Today's referendum in Crimea on secession has been called illegal by the EU and the US, and EU foreign ministers will decide tomorrow whether to impose asset freeze and visa sanctions and, if so, who to target.

"The referendum is illegal and illegitimate and its outcome will not be recognised," European Council President Herman Van Rompuy and Commission President Jose Manuel Barroso said in a joint statement.

EU diplomats were working feverishly over the weekend to set up a list of Russian and Moscow-leaning officials from Ukraine who have been involved in pushing for the southern peninsula's secession and possible annexation. Diplomats said member states arrived at weekend talks with different suggestions, so a common list could be drawn up for tomorrow's meeting of the 28 foreign ministers to make a final decision.

The joint Van Rompuy-Barroso statement said the foreign ministers will "decide on additional measures" against Russia.

They would likely include military officials who ordered Ukrainian troops to leave their barracks in Crimea and others who were responsible for breakaway actions there.
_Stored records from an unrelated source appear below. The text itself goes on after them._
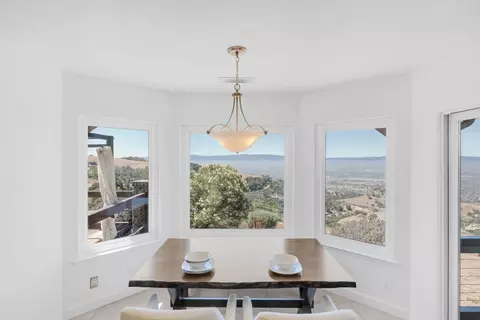 Dining - 3020 Three Springs Rd, San Jose, CA 95140 photo 2 of 10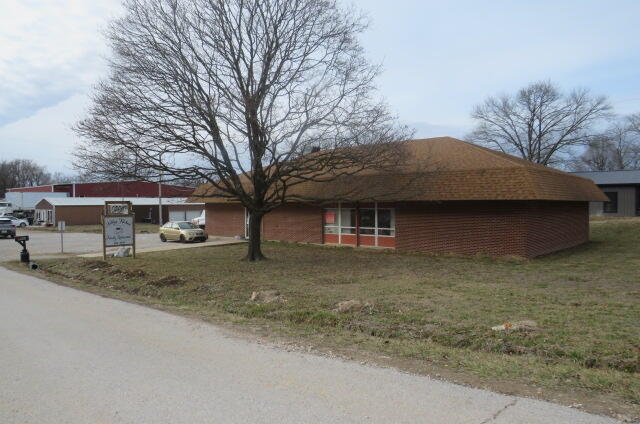 120 E Newton St, Mansfield, MO for Sale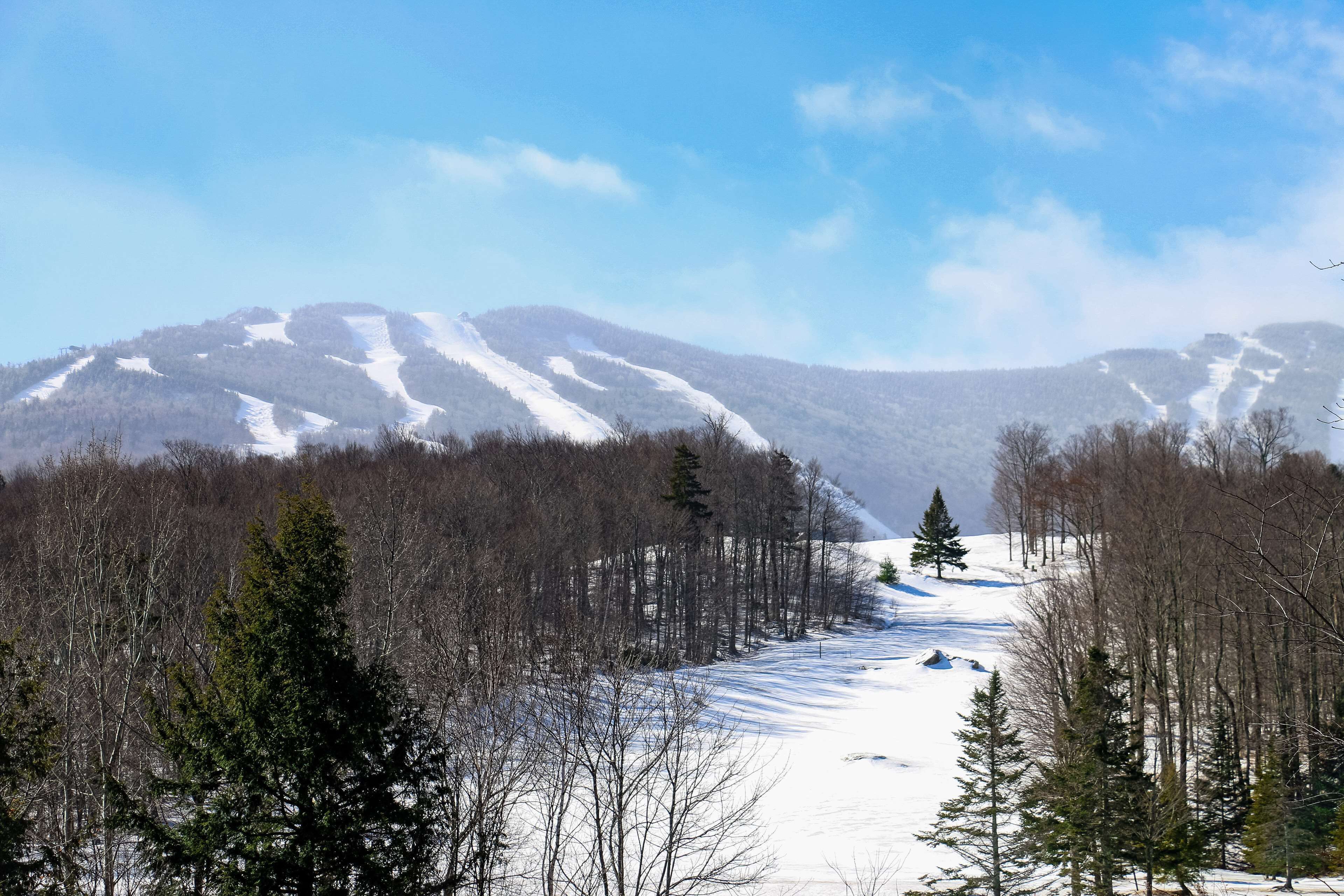 Eine verschneite Berglandschaft mit blauem Himmel.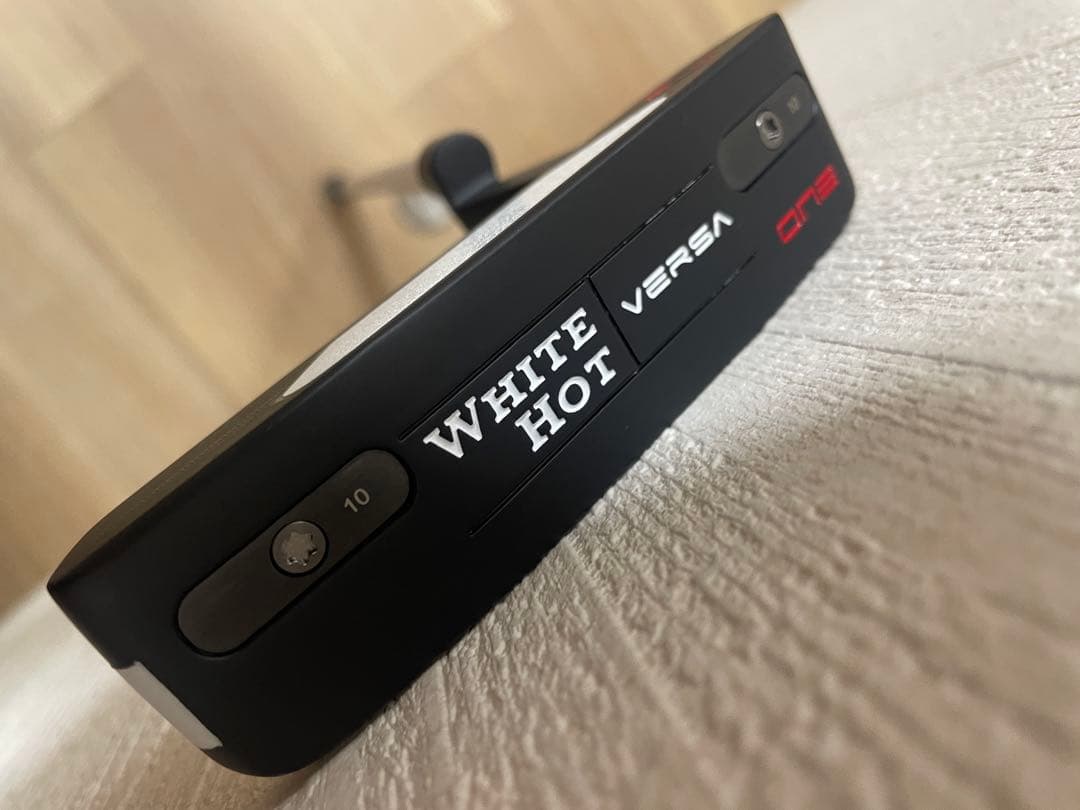 【ほぼ新品】オデッセイホワイトホットVERSA ONEパター33インチ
On the other hand, diplomats said they would shy away from economic operators at the moment.

Depending on developments in Moscow and Ukraine, further sanctions could follow during a two-day summit of EU leaders starting on Thursday.

An EU summit last week suspended talks with Russia on a wide-ranging economic pact and a visa agreement.

On top of that, the EU could move quickly, possibly within a week, to sign the political chapters of a far-reaching association agreement with the provisional government in Kiev, underscoring its support for the new Ukraine government.

EU diplomats in several capitals made it clear the West is unwilling to give up Crimea in the hope of preventing Moscow from moving into eastern Ukraine.

If Moscow takes further measures to acerbate the crisis, EU leaders already have threatened what they have called "far-reaching consequences for relations in a broad range of economic areas".

It would set off a tit-for-tat game of sanctions, which the EU hopes would increasingly isolate Russia on the global stage. Moscow says it is convinced economic sanctions would hurt the EU as much as Russia itself.

Russia is the EU's third-largest trading partner, mainly because of oil and gas imports, with the EU being its biggest gas consumer. Germany, for example, gets 35% of its supplies from Russia.

Russia, in turn, buys everything from machinery to cars from Europe, its biggest trading partner, with exports to Russia totalling 123 billion euros in 2012.